Can the Cycle of Revenge Politics be Broken?

If you’re a Democrat, have you convinced yourself that if Biden is elected the country will return to some semblance of normalcy — like if a resolution that the sun rises in the east and sets in the west came to the floor, it could survive a senate filibuster?

Is it even remotely farfetched that the evangelical right, unable to continue molding the entire judiciary in their own image, would suggest that it is unsettled science?

[If you lean Republican, hang in there; only a few more lines before I get to the left].

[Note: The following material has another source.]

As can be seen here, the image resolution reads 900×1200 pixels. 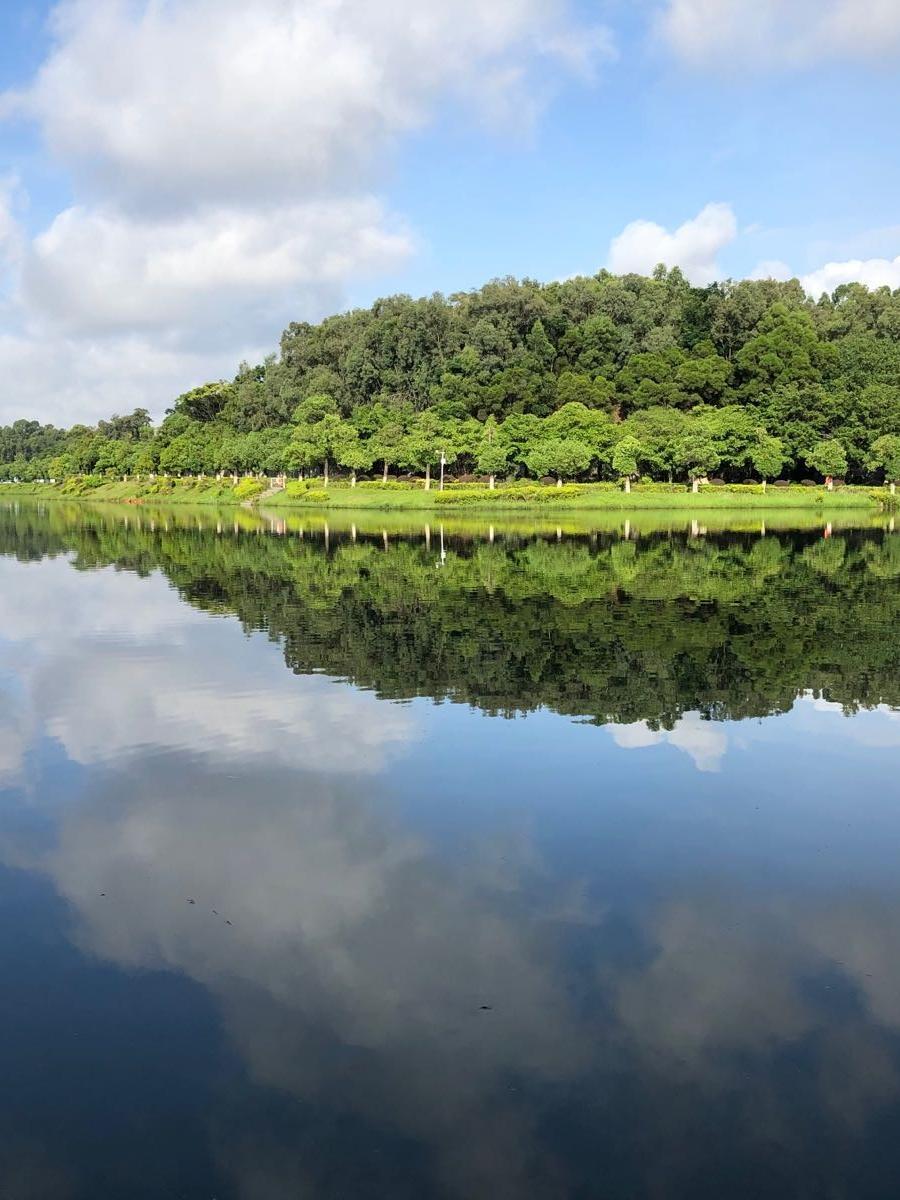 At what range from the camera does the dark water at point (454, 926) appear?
534 centimetres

Or that Mitch McConnell would summon the cynicism of elections past — to make Biden a one-term president — and try to deny him even this token win? Or that the malignant trio of Tucker Carlson, Laura Ingraham, and Sean Hannity would trot out spokespersons from QAnon and Patriots for Unproven Scandals (PUS) to breathlessly explain that the sun’s movements are controlled by a secret cabal headed up by Hillary Clinton?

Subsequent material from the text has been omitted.